§ Exercise directions: In the listing below, locate the line with "During a lytic" and the line with "PROBLEMI ATTUALI DELLE", then output both and everything between them exactly, minus any pictures.

§ The data:

|---|

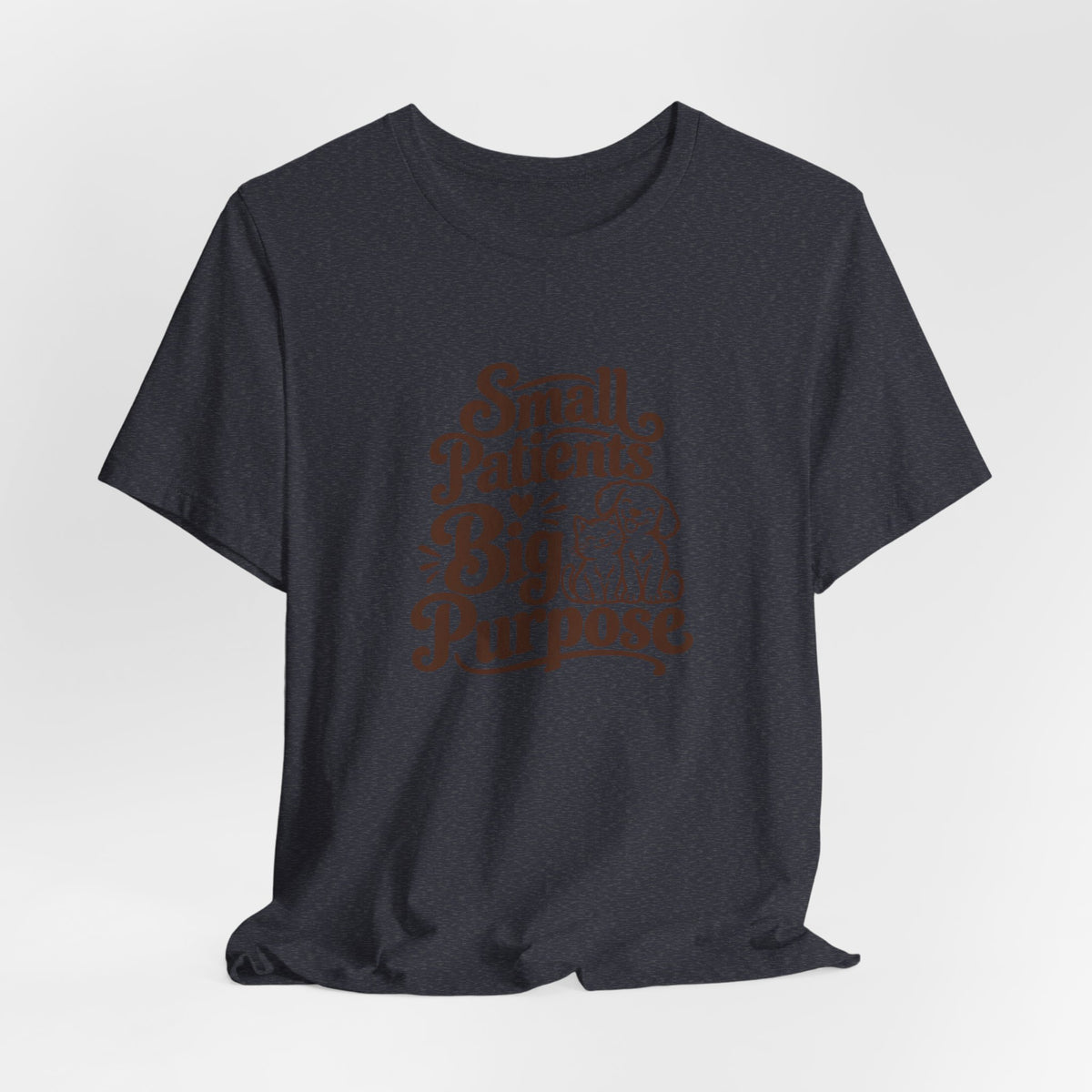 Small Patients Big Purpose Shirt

|---|

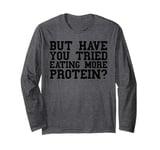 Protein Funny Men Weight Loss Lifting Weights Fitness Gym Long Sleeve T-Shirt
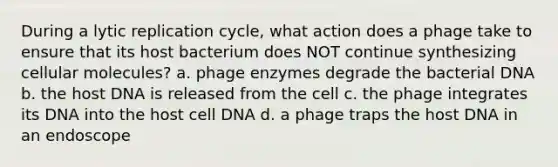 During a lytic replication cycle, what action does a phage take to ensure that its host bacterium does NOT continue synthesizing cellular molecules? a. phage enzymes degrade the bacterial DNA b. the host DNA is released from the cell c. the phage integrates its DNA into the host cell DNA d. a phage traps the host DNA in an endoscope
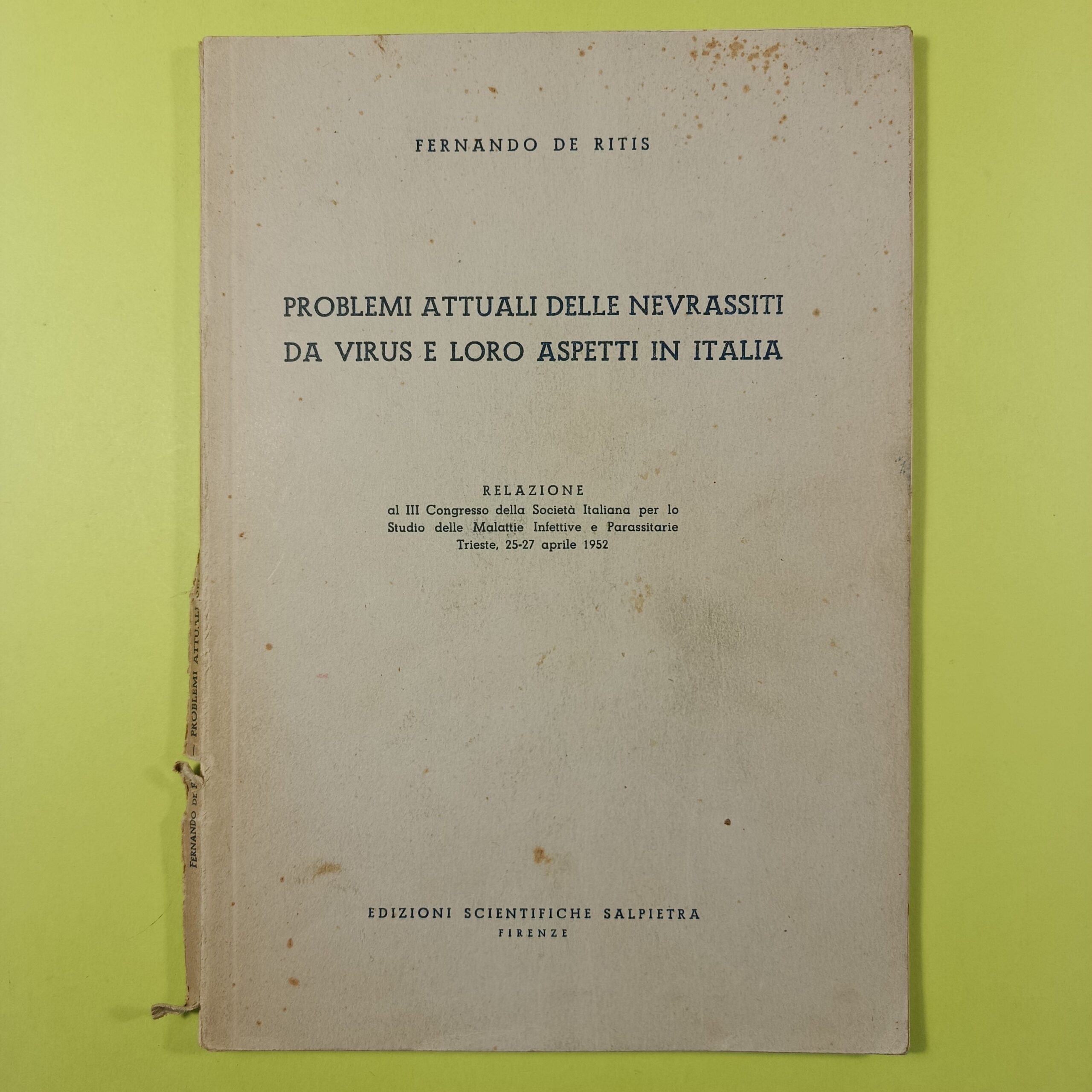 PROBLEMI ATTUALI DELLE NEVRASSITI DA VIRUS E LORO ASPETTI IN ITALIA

|---|

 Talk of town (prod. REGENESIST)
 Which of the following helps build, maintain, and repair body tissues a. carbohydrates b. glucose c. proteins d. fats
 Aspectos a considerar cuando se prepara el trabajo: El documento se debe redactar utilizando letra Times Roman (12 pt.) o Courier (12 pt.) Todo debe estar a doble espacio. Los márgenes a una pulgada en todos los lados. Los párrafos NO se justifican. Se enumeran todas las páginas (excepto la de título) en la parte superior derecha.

|---|

§ Task result:
 During a lytic replication cycle, what action does a phage take to ensure that its host bacterium does NOT continue synthesizing cellular molecules? a. phage enzymes degrade the bacterial DNA b. the host DNA is released from the cell c. the phage integrates its DNA into the host cell DNA d. a phage traps the host DNA in an endoscope
 PROBLEMI ATTUALI DELLE NEVRASSITI DA VIRUS E LORO ASPETTI IN ITALIA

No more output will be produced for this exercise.